The new Wahoo Kickr Climb launched by the innovative turbo trainer and computer brand, offers users a new way of experiencing real world riding scenarios.
Wahoo’s latest indoor kit fits to your bike’s forks, replacing the front wheel. A motor in the Kickr Climb raises or lowers the front of the bike, simulating uphill gradients of up to 20 per cent and descents of up to 10 per cent.
You can get out of the saddle to tackle climbs (although you can’t rock the bike from side to side like Alberto Contador) and the Kickr Climb will work with any third party software that transmits gradient data, including Zwift. You can also use its included, bar mountable remote control to raise or lower the Climb manually.
The one drawback of the Kickr Climb is that it is not compatible with older Kickr and Kickr Snap trainers, as the rear axle has to be able to rotate when the front end lifts and drops. But Wahoo has taken advantage of the need to redesign the rear linkage to add support for thru-axles and clearance for discs to its trainers.

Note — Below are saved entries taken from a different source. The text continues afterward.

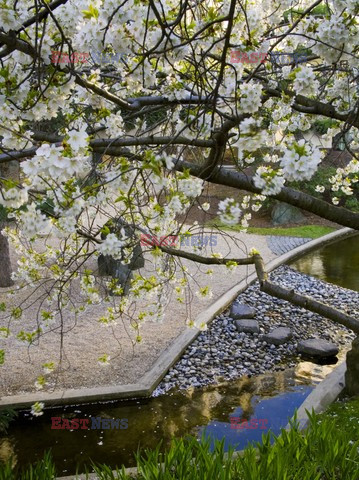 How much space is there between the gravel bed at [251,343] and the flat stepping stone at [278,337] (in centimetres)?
5

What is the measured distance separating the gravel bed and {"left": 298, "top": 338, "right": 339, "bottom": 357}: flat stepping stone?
91mm

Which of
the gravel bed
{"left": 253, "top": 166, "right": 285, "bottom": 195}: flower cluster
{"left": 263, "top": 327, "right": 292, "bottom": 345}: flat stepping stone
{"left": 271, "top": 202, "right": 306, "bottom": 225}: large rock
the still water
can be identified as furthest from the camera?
{"left": 271, "top": 202, "right": 306, "bottom": 225}: large rock

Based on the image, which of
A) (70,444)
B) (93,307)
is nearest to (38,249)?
(93,307)

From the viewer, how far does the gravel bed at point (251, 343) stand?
4809mm

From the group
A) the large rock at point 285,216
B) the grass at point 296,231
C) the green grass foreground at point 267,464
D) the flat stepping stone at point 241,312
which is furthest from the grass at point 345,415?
the large rock at point 285,216

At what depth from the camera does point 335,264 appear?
8867 millimetres

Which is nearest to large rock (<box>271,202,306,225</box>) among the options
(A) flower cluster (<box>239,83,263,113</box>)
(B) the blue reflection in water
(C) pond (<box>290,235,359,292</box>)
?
(C) pond (<box>290,235,359,292</box>)

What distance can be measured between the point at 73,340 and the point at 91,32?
3.74 m

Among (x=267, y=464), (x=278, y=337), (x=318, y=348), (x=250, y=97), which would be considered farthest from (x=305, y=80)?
(x=278, y=337)

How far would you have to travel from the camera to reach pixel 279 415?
4172mm

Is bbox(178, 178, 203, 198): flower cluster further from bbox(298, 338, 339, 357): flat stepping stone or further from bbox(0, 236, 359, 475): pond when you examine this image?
bbox(298, 338, 339, 357): flat stepping stone

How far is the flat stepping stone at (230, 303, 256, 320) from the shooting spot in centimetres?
597

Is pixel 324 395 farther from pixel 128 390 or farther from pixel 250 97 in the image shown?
pixel 250 97

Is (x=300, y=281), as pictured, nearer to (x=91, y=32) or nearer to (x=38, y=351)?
(x=38, y=351) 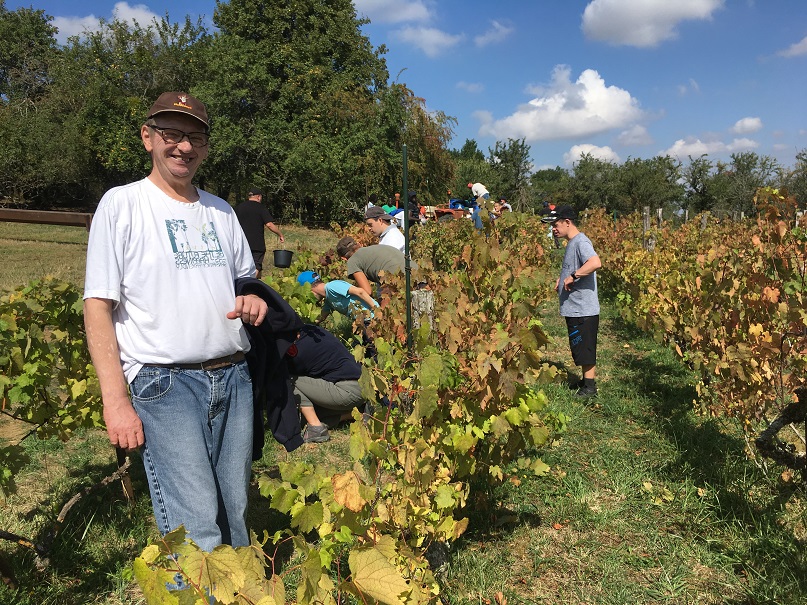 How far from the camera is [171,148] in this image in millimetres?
1669

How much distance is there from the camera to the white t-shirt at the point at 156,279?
1.53 metres

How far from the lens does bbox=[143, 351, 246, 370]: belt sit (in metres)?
1.62

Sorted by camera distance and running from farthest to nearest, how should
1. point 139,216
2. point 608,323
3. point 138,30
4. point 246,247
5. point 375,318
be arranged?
point 138,30 → point 608,323 → point 375,318 → point 246,247 → point 139,216

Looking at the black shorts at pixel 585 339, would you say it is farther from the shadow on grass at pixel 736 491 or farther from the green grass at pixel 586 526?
the green grass at pixel 586 526

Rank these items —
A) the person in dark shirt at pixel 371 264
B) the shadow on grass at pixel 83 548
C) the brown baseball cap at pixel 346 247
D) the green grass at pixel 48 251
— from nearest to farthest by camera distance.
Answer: the shadow on grass at pixel 83 548 < the person in dark shirt at pixel 371 264 < the brown baseball cap at pixel 346 247 < the green grass at pixel 48 251

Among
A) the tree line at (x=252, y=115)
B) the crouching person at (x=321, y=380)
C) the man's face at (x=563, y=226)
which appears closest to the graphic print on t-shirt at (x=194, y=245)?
the crouching person at (x=321, y=380)

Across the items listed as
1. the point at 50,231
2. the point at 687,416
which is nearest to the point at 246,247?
the point at 687,416

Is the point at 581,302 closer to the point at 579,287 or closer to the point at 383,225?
the point at 579,287

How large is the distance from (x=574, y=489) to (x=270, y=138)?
2204 centimetres

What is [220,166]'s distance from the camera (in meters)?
24.2

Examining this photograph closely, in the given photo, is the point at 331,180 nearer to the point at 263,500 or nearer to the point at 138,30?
the point at 138,30

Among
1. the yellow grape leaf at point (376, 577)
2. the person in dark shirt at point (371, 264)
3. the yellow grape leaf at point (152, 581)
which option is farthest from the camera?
the person in dark shirt at point (371, 264)

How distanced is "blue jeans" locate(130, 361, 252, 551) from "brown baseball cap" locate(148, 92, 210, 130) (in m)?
0.74

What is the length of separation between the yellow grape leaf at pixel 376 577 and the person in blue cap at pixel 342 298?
10.6 feet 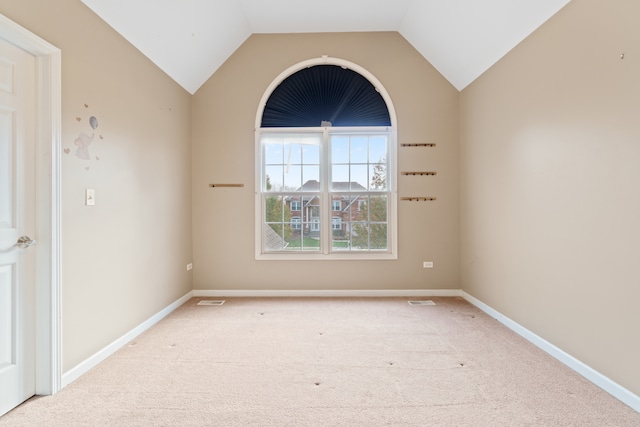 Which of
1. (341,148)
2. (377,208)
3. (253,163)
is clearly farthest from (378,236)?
(253,163)

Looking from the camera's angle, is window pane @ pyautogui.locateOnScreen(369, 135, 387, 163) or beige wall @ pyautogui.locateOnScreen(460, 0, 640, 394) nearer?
beige wall @ pyautogui.locateOnScreen(460, 0, 640, 394)

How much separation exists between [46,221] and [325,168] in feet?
9.39

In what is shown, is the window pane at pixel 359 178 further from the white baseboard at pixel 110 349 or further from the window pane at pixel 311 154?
the white baseboard at pixel 110 349

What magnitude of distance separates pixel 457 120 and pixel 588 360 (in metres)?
2.88

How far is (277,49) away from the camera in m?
3.98

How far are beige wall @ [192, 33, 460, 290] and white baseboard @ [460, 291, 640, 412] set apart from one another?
1.06m

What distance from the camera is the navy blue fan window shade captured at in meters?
4.03

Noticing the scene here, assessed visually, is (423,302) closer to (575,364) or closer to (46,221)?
(575,364)

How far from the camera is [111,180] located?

Wahoo has also increased the power measurement accuracy of the Kickr Snap from +/- 5% to +/- 3% and given it connectivity to third party power meters – a feature that was only available on the Kickr before.
The new Climb-compatible Kickr and Kickr Snap are available from the end of August, and the Kickr Climb in November. It is priced at £449.99.
Elsewhere in Wahoo’s range, the Elemnt and Elemnt Bolt computers now support structured workouts. There’s a new screen with a visual effort indicator and countdown to the next interval. You can also pause a workout and return to it if you are interrupted. It’s a free downloadable update to the Elemnt and Elemnt Bolt.
And of course, coupled to the Kickr Climb your structured workout can automatically include gradient simulation too.
Wahoo’s trainers have pushed the boundaries of indoor cycling technology. Its Kickr was one of the first direct drive trainers. It offers tight integration with simulation packages like Zwift and the ability to mimic your outdoor rides by replaying the route using Wahoo’s Elemnt and Elemnt Bolt GPS computers.
This means that the muscle groups recruited by a real out-of-the-saddle climb are not used in the same way indoors.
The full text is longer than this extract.